Work instruction:
Every record below must be written out exactly. Leave out the pictures.

BEGIN

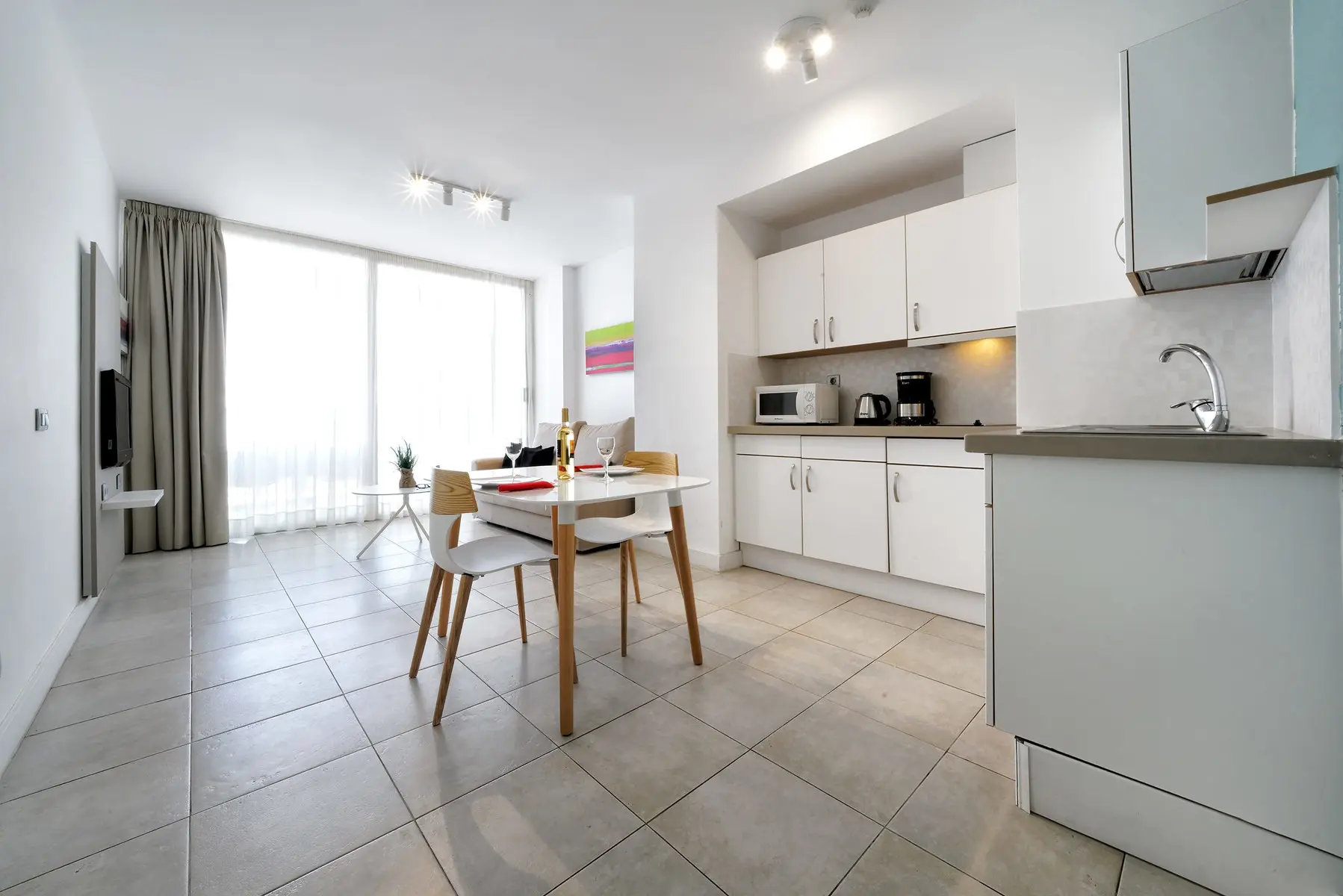 Morasol Suites — MORASOL SUITES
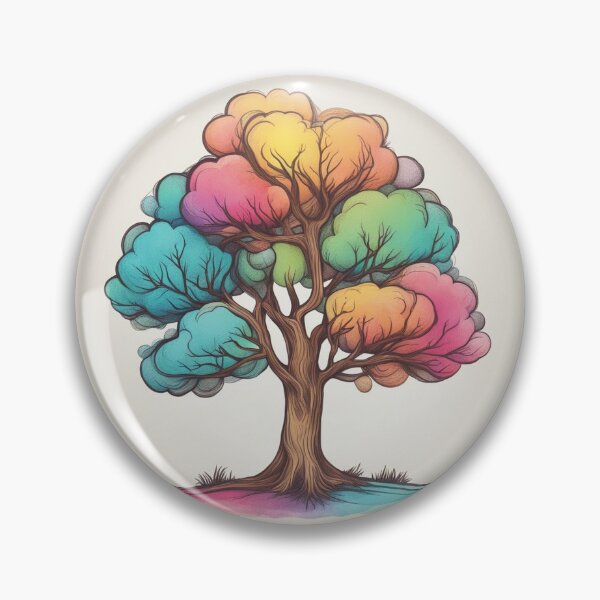 Item preview, Free PSD Hand-Drawn Tree Illustration Isolated designed and sold by hjian8219.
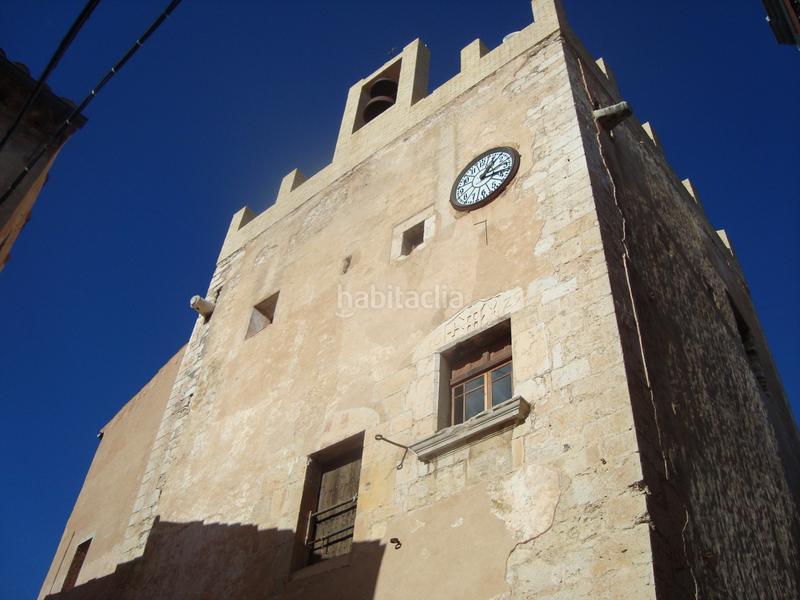 Foto e01ce67d-2362-479b-9142-a0b0bbe61cdb. Casa adosada casa+patio+almacén+calig+costa azahar+españa en Cálig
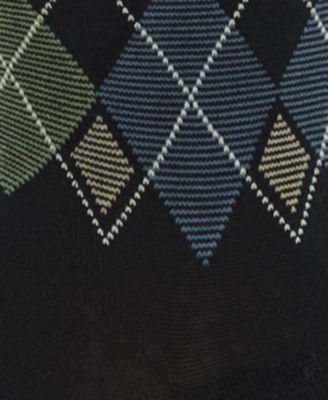 Men's Bamboo Diamond Socks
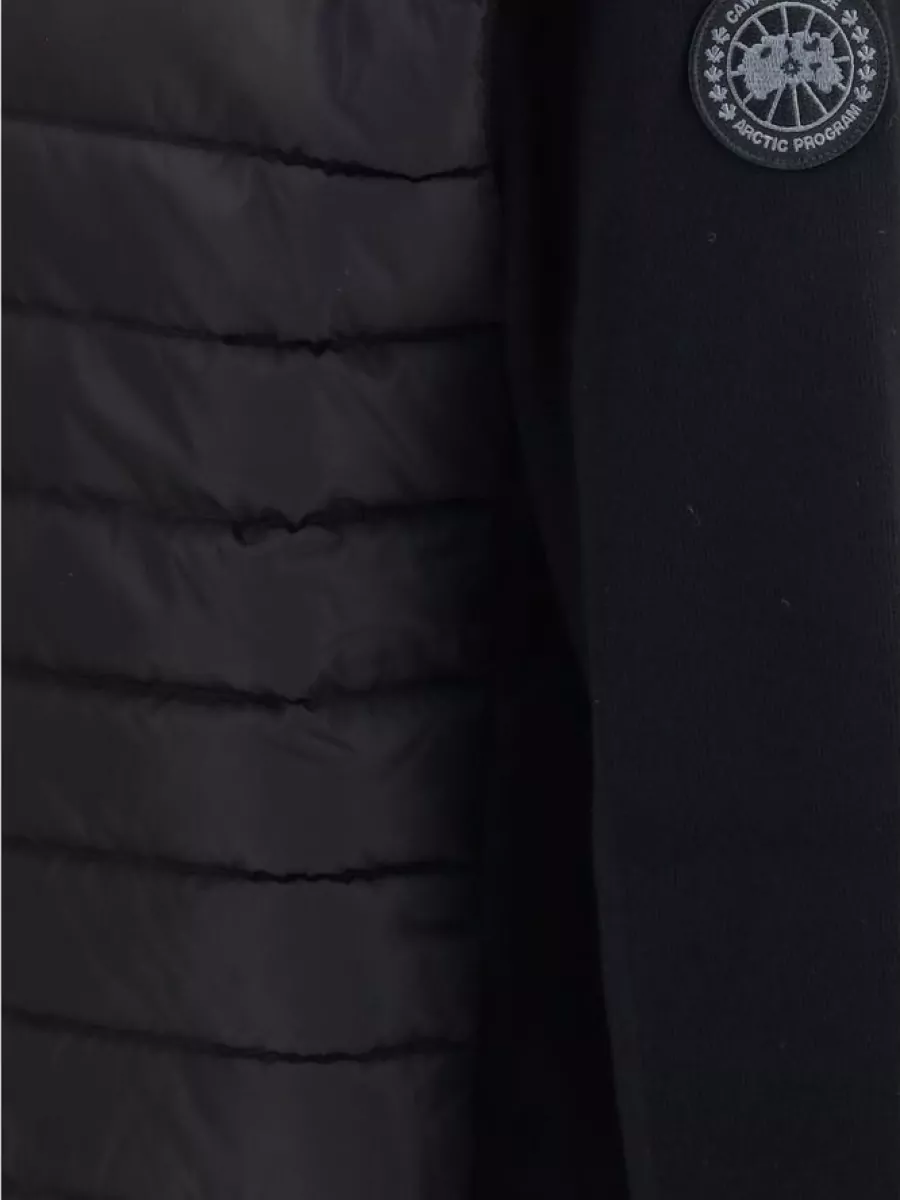 Canada Goose Recycled Polyamide Puffer Coat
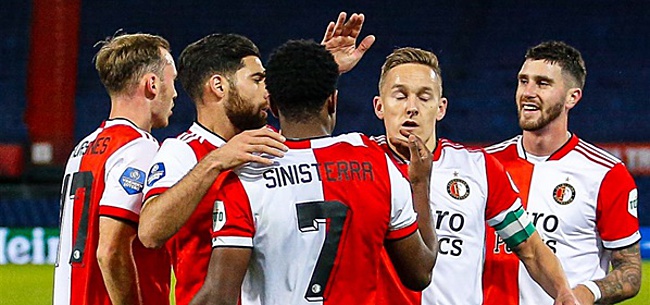 Foto: 'Feyenoord moet oude bekende terughalen naar De Kuip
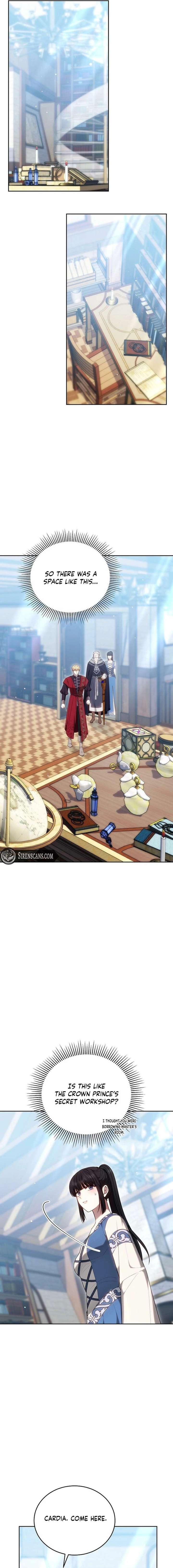 The Empress’s Needle Chapter 51 - Page 7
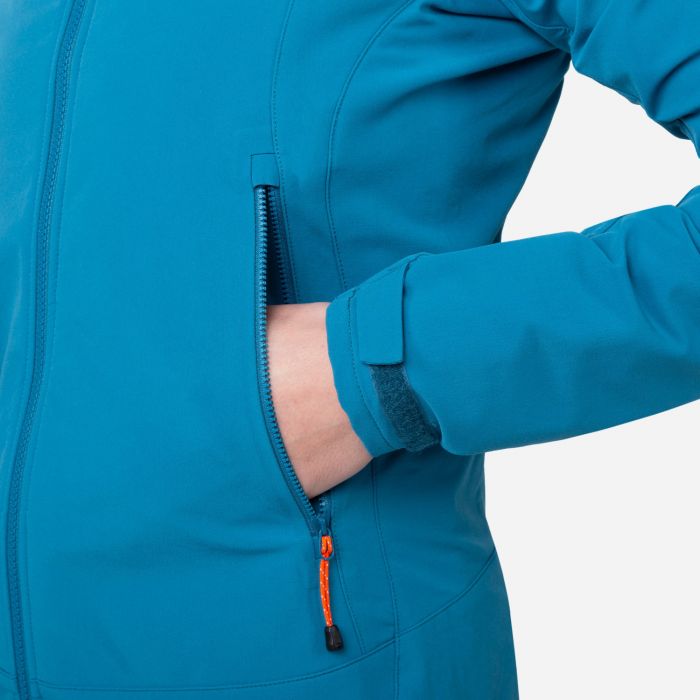 Kurtka damska MOUNTAIN EQUIPMENT FRONTIER HOODED / COSMOS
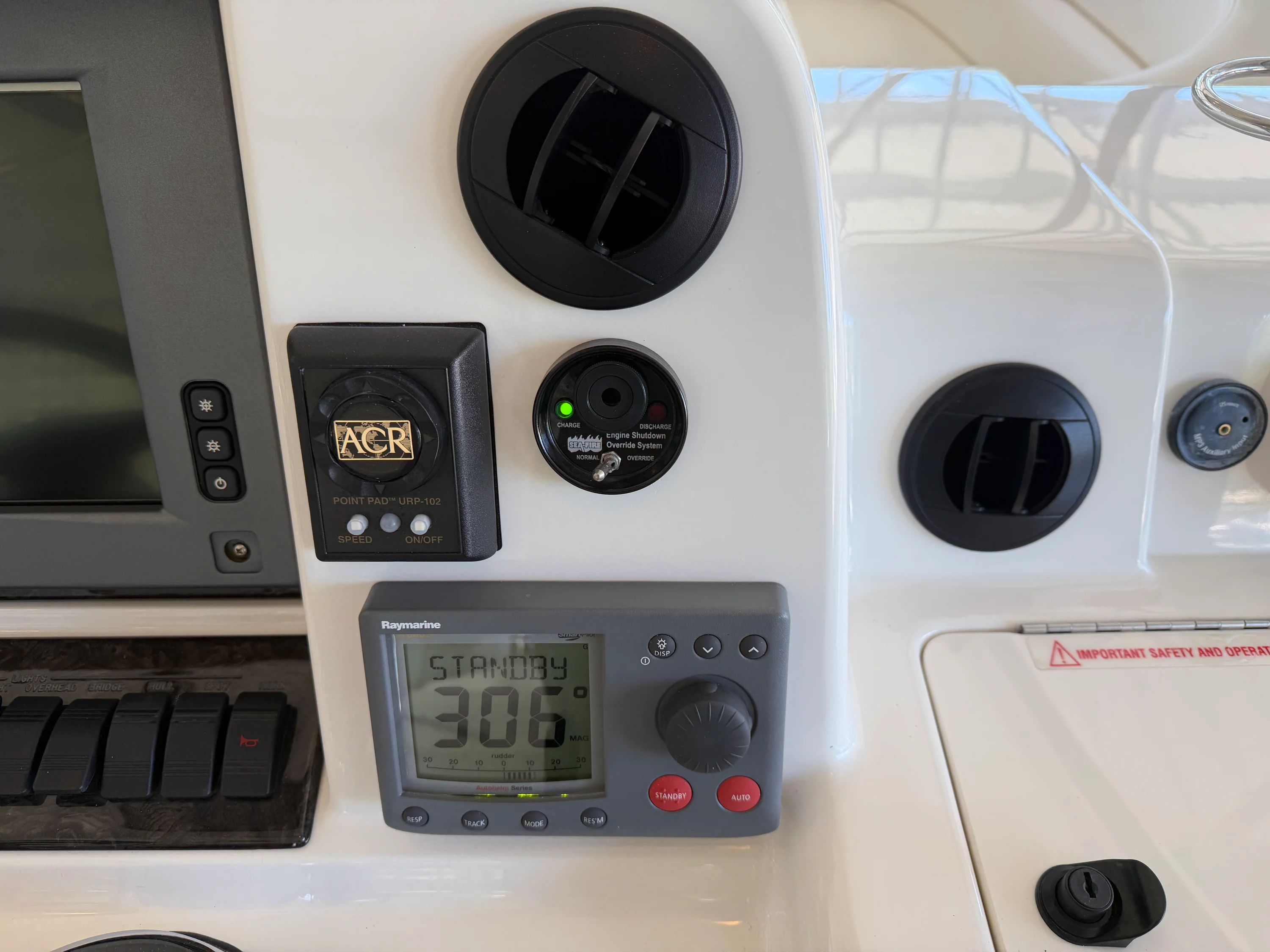 2009 Sea Ray 52 SEDAN BRIDGE Image Thumbnail #18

END

Solved problem:
 Morasol Suites — MORASOL SUITES
 Item preview, Free PSD Hand-Drawn Tree Illustration Isolated designed and sold by hjian8219.
 Foto e01ce67d-2362-479b-9142-a0b0bbe61cdb. Casa adosada casa+patio+almacén+calig+costa azahar+españa en Cálig
 Men's Bamboo Diamond Socks
 Canada Goose Recycled Polyamide Puffer Coat
 Foto: 'Feyenoord moet oude bekende terughalen naar De Kuip
 The Empress’s Needle Chapter 51 - Page 7
 Kurtka damska MOUNTAIN EQUIPMENT FRONTIER HOODED / COSMOS
 2009 Sea Ray 52 SEDAN BRIDGE Image Thumbnail #18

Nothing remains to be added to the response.